O presidente da Venezuela, Nicolás Maduro, elevou o tom contra os Estados Unidos nesta segunda-feira (10), ao afirmar que o país “não aceitará interferência de nenhuma potência estrangeira”. A declaração foi feita durante um evento do Partido Socialista Unido da Venezuela (PSUV), em Caracas, e ocorre em meio a um novo aumento das tensões com Washington.

“O que o Congresso dos Estados Unidos discute, o que eles aprovam ou não — isso não nos importa. Ninguém vai tirar nossa liberdade, ninguém vai tirar nossa paz e nossa independência”, afirmou Maduro, em discurso transmitido pela televisão estatal.

As declarações foram uma resposta direta à recente votação no Senado norte-americano, que rejeitou, por 51 votos a 49, uma proposta que impediria o presidente Donald Trump de ordenar ataques militares contra a Venezuela sem autorização do Congresso. A decisão, alinhada às linhas partidárias, manteve aberta a possibilidade de ações unilaterais da Casa Branca.
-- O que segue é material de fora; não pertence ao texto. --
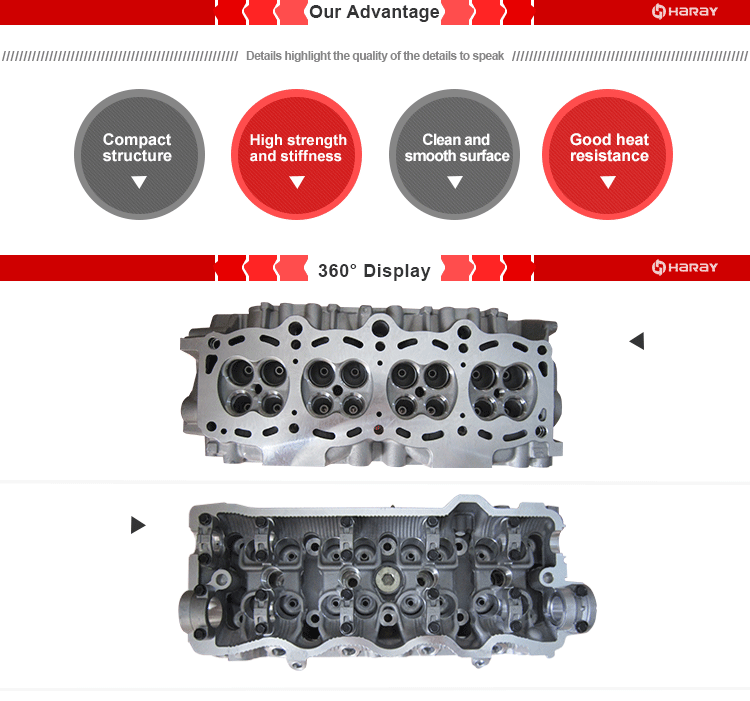5s cylinder head 3.png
Segundo o Pentágono, os Estados Unidos realizaram desde setembro mais de uma dezena de ataques a embarcações nas proximidades da costa venezuelana e em áreas do Pacífico. O governo americano afirma que os alvos estariam ligados ao tráfico de drogas — versão contestada por parlamentares e líderes internacionais, que exigem provas.

Maduro, por sua vez, voltou a acusar Washington de conspirar para derrubar seu governo. “O império norte-americano continua acreditando que pode decidir o destino de outros povos. Mas a Venezuela é livre e seguirá sendo soberana”, disse o líder chavista, sob aplausos de apoiadores.

Fontes ligadas ao governo venezuelano afirmam que Caracas prepara uma série de manifestações e atos públicos em defesa da soberania nacional, em resposta às recentes movimentações militares norte-americanas.

Com o discurso, Maduro busca reforçar o sentimento nacionalista e sustentar sua narrativa de resistência diante da pressão externa, que se intensifica à medida que o governo dos Estados Unidos retoma o tom de confronto contra o regime bolivariano.